Trees and Hydrology in Urban Landscapes

Effective implementation of urban greening strategies is needed to address legacies of landscape change and environmental degradation, ongoing development pressures, and the urgency of the climate crisis. With limited space and resources, these challenges will not be met through single-issue or individual-sector management and planning. Increasingly, local governments, regulatory agencies, and other urban planning organizations in the San Francisco Bay Area are expanding upon the holistic, portfolio-based, and multi-benefit approaches.

This effort, presented in the Trees and Hydrology in Urban Landscapes report, seeks to build links between stormwater management and urban ecological improvements by evaluating how complementary urban greening activities, including green stormwater infrastructure (GSI) and urban tree canopy, can be integrated and improved to reduce runoff and contaminant loads in stormwater systems. This work expands the capacity for evaluating engineered GSI and non-engineered urban greening within a modeling and analysis framework, with a primary focus on evaluating the hydrologic benefit of urban trees.

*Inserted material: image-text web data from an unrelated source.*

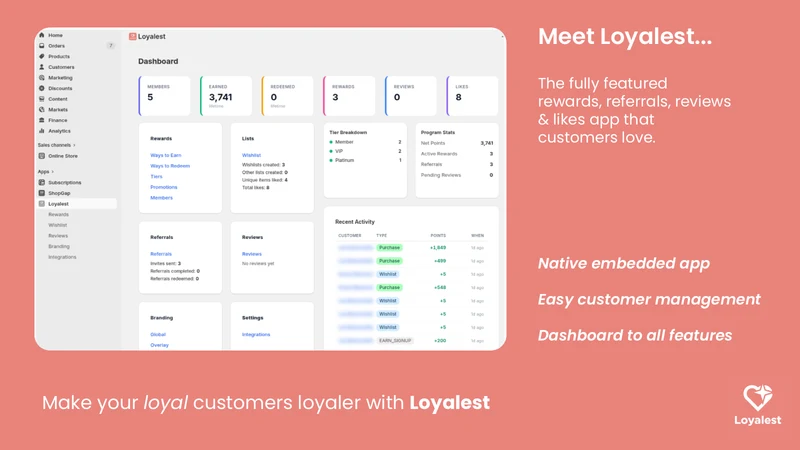 Loyalest Membership & Rewards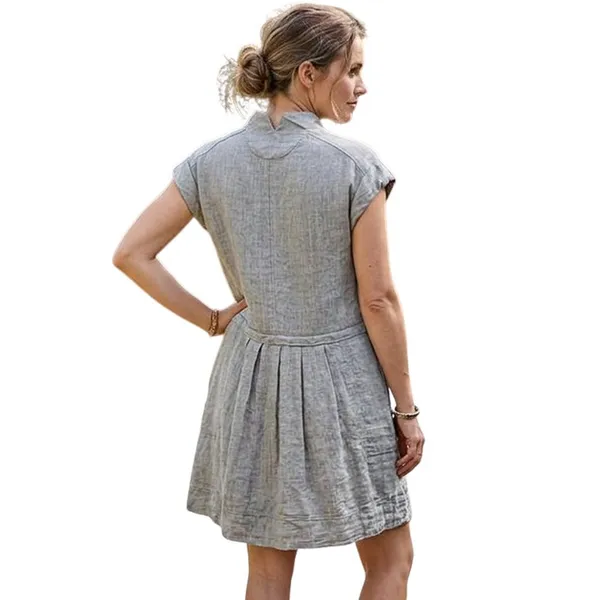 Free People Gray Mini Dress, S - Image 5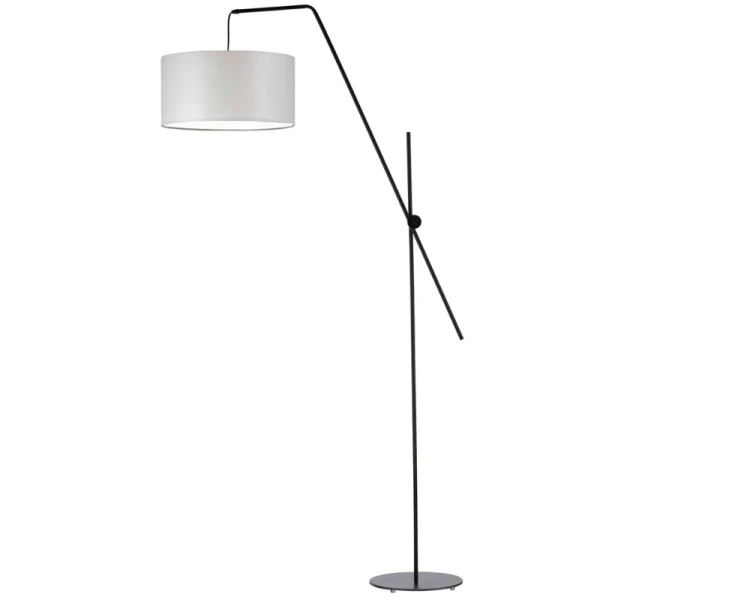 Lampa podłogowa stojąca regulowana BILBOA jasny szary.png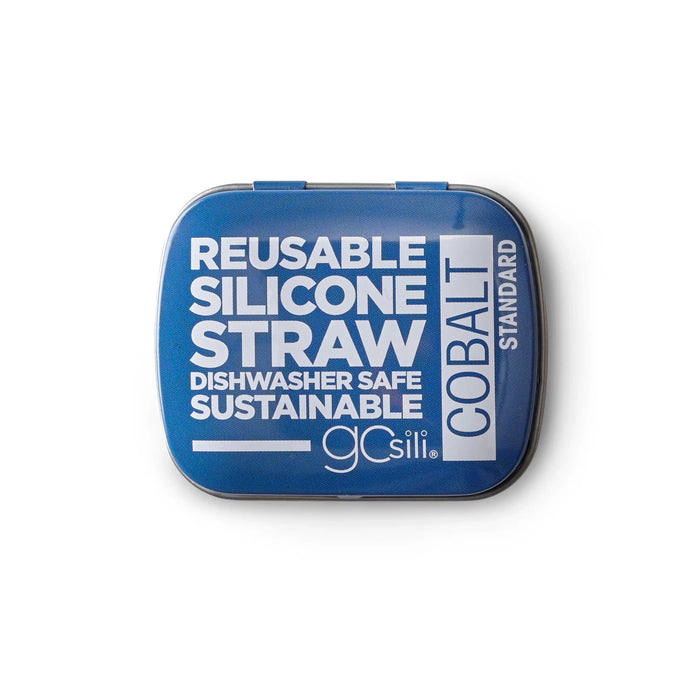 GoSili - Reusable Silicon Straw with Tin
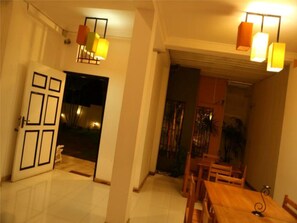 Interior entrance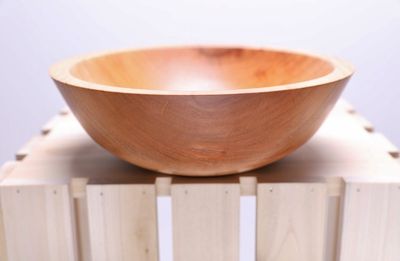 Alternate image for #2301 Sugar Maple Wooden Bowl 9 1/4 x 3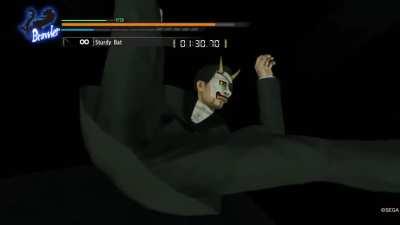 Majima got sent to the abyss.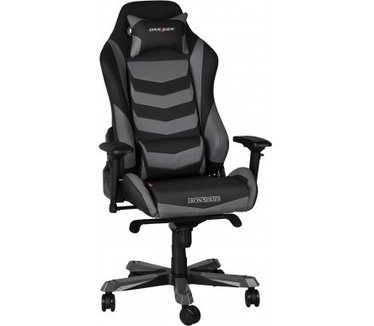DXRacer IRON Gaming Chair Zwart/Grijs Stripes
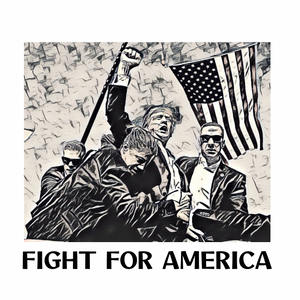 ‘FIGHT FOR AMERICA’ Sticker Decal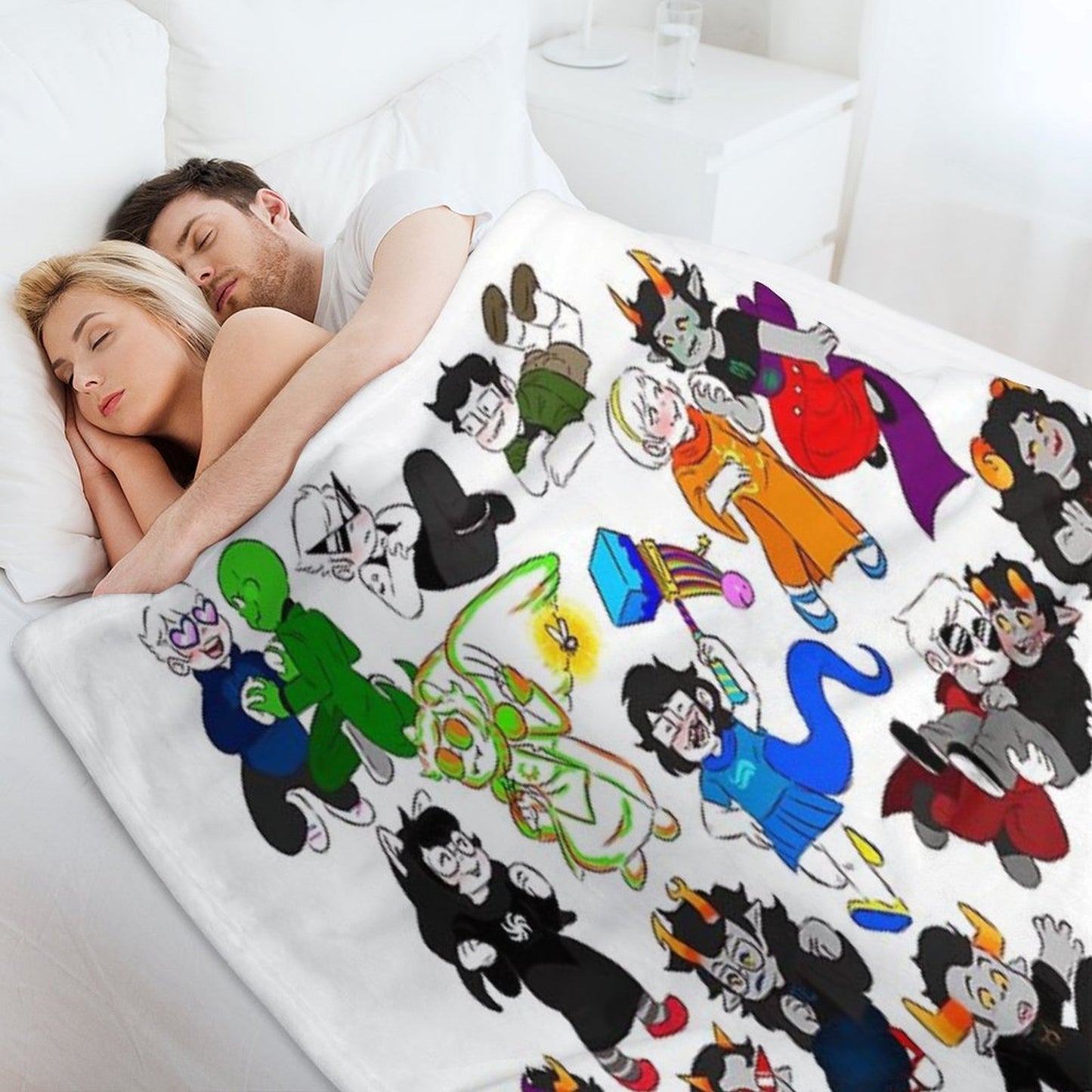 All The Character Throw Blanket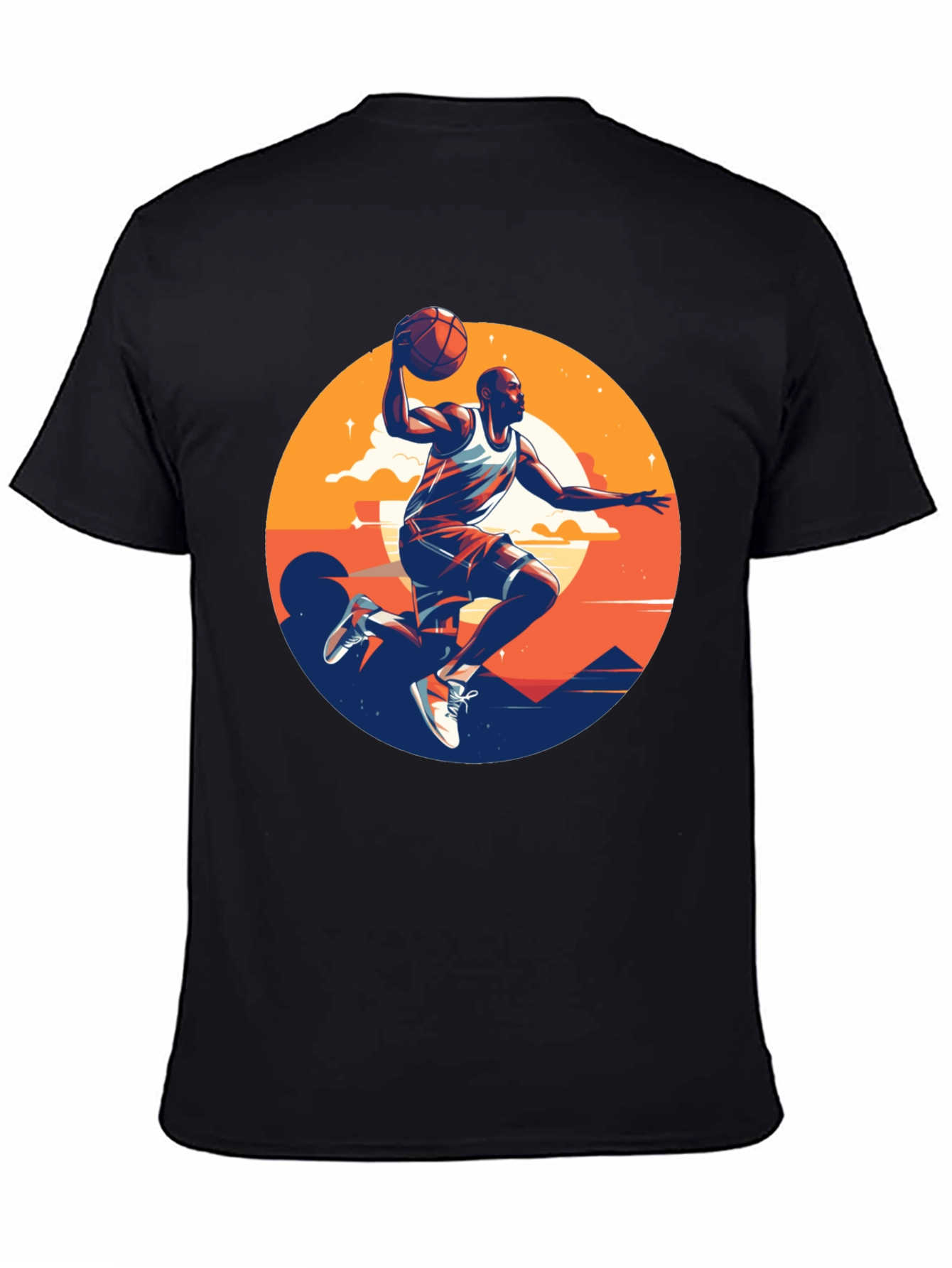 Black Basketball Player Graphic Tee - Stylish Men's T-Shirt view 4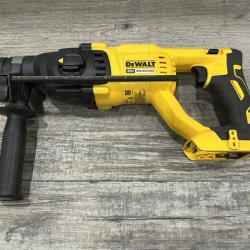 AS-IS DEWALT 20V MAX Cordless Brushless 1 in. SDS Plus D-Handle Concrete and Masonry Rotary Hammer (Tool Only)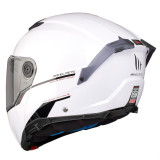 Casca modulabila MT Atom 2 SV A0 alb lucios (ochelari soare integrati) Pinlock Ready - tip viziera: MT-V-35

Insights can inform stormwater management policy and planning. 

A central component of this effort was advancing the GreenPlan-IT toolkit, a modeling and optimization framework for analysis of GSI, such that it could represent hydrologic processes within the tree canopy. To explore the role of trees in stormwater runoff, several test case sensitivity analyses were conducted. A demonstration analysis was performed for the City of Sunnyvale to assess the degree to which trees at the landscape scale affect city-wide runoff. Lastly, the report outlines a potential technical approach for expanded integrated multi-benefit assessment of urban greening.

 

Urban Greening Implementation Projects

The science-based guidance developed through this project will be used to shape three key implementation projects for stormwater management and urban greening:  

  1. The City of Sunnyvale will demonstrate how bioretention features can create habitat for native pollinators while also reducing runoff. The Caribbean Drive Green Street Demonstration Project will retrofit an existing arterial street with bioretention rain gardens planted with native plants to create habitat for native species, reduce impervious surfaces, provide treatment and infiltration of runoff, calm traffic, and improve the streetscape for pedestrians and cyclists.
  2. Through Google’s Ecology program, Google will integrate ecological design into landscape planning through four innovative projects on their campuses in the bayshore areas of Sunnyvale and Mountain View. Over the past three years, Google’s Ecology Program has sponsored the development of the Resilient Silicon Valley project and the Landscape Resilience Framework by SFEI and partners to catalyze ecological improvements throughout the region. Google will collaborate with the Healthy Watersheds, Resilient Baylands team to maximize the ecological and hydrological benefits of new projects. These projects will highlight how ecologically designed landscaping can create habitat while reducing runoff and improving the human experience.
  3. The City of East Palo Alto, Canopy, and Grassroots Ecology will integrate street tree planting with landscaping and riparian restoration to expand riparian areas along San Francisquito Creek, create willow groves, and connect oak habitat to riparian corridors through adjacent neighborhoods to create more functional wildlife habitat. As part of these installations, the projects will improve soil conditions and understory habitat to maximize water retention, pollution capture, rainfall infiltration, and ecological value of the existing streetscape and parkways. This project will include training of students and other volunteers who will be engaged in native plant stewardship and through tree care events carried out with Teen Urban Foresters from the local community.

Tidal Wetland Restoration

The resilience of San Francisco Bay shore habitats is essential to all who live in the Bay Area. Tidal marshes and tidal flats are key components of the shore habitats, which collectively protect billions of dollars of bay-front housing and infrastructure (including neighborhoods, business parks, highways, sewage treatment plants, and landfills). They also purify the Bay’s water, support endangered wildlife, nurture fisheries, and provide people access to nature within the urban environment. Bay Area residents showed their commitment to restoring these critical habitats when they voted in 2016 for a property tax to pay for large-scale tidal marsh restoration. Sustaining tidal marshes and tidal flats into the future requires an understanding of the resources needed for them to keep pace with a rising sea level and multi-benefit shoreline projects that bring back lost shore habitats.

 

Sediment for Survival

The tidal marshes and tidal flats along the San Francisco Bay shoreline depend on sediment delivered by the tides. Healthy sediment supplies are essential for maintaining resilient marshes and tidal flats that can persist into the future and build up as sea level continues to rise. Currently, the sediment supply in the Bay is adequate to meet the sediment needed by tidal marshes and tidal flats. However, as sea level rise accelerates in the coming decades, the sediment needed for these habitats to survive will increase considerably. In addition, a healthy sediment supply will be needed to support the thousands of acres of restored tidal marsh that is being planned around the Bay. As sediment becomes an increasingly precious resource for habitat support and shoreline protection, it is essential to understand the future of sediment demand and develop an integrated strategy for long-term sediment management and monitoring.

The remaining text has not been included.